The weapons of the future are alive.
When discussing the legendary B-movie producers that we all remember from the good ol’ days of trashy B-movies, everybody names the likes of Roger Corman, Lloyd Kaufman, Jim Wynorski, and (for the edgier crowd) John Waters. Somehow, though, it seems that Charles Band never quite reached the same level as these other guys. This is unfortunate, because Band’s Full Moon label churned out all kinds of low-budget dreck over the years, which is just waited to be rediscovered by a new generation. On this disc, we’ve got two of Band’s more fondly-remembered sci-fi efforts.
Crash and Burn
It’s the post-apocalyptic future. The hunky Tyson Keen (Paul Ganus) rides his motorcycle across the desert, doing odd jobs for the giant corporation that runs what’s left of the country. At a remote TV station, he and the quirky crew find themselves under siege by a robot who looks human. To save the day our hero must team up with plucky young Arren (Megan Ward, Dark Skies) to reenergize a giant robot out in the scrap yard, and have the two ‘bots battle it out.
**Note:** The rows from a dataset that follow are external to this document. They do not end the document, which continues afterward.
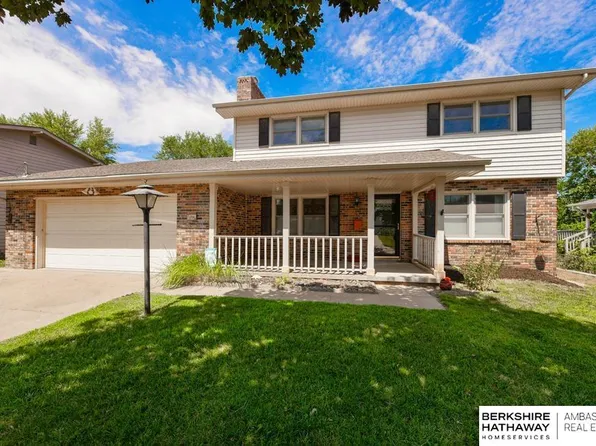 1204 Potter Rd, Bellevue, NE 68005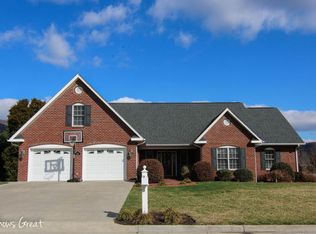 385 Penguin Ln, Salem, VA 24153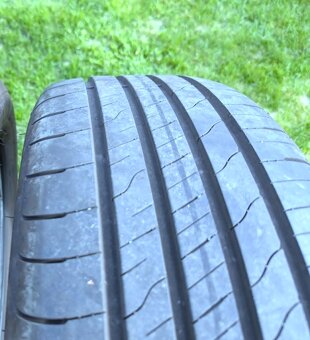 Prodám 4 ks letních pneu - 215/55 R18 - 3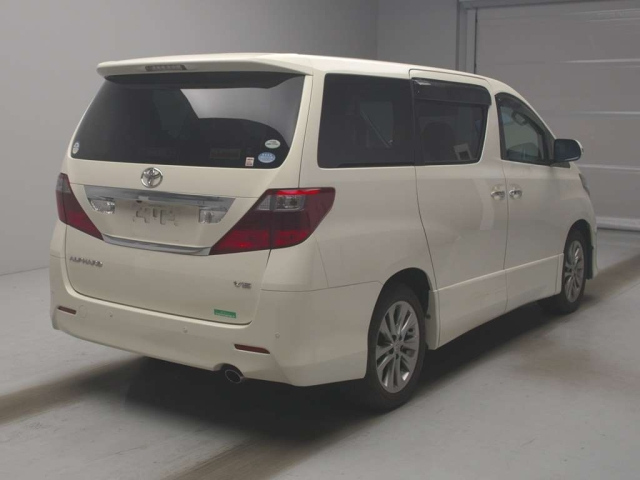 TOYOTA ALPHARD 2010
It’s the post-apocalyptic future (but, you know, a different one). People travel from city to city not airplanes for some reason, but in giant, scorpion-shaped robots. When one of these robots is taken over by a power-mad general with his own agenda, it’s up to the heroic Captain Drake (Don Michael Paul, Half Past Dead) and journalist Leda (Barbara Crampton, Re-animator) to find the MEGA-1 robot buried underground, reenergize it, and save the day.
The cheesy B-movie is an interesting flavor of movie. It might not be quality in a classical cinema sense, but when you’re watching a “good” bad movie, you know it. Such is the case with Crash and Burn and Robot Wars. They are clunky, plot-holed, low-budget, and sleazy, but there is that intangible yet all-important fun aspect to them that can’t be beat.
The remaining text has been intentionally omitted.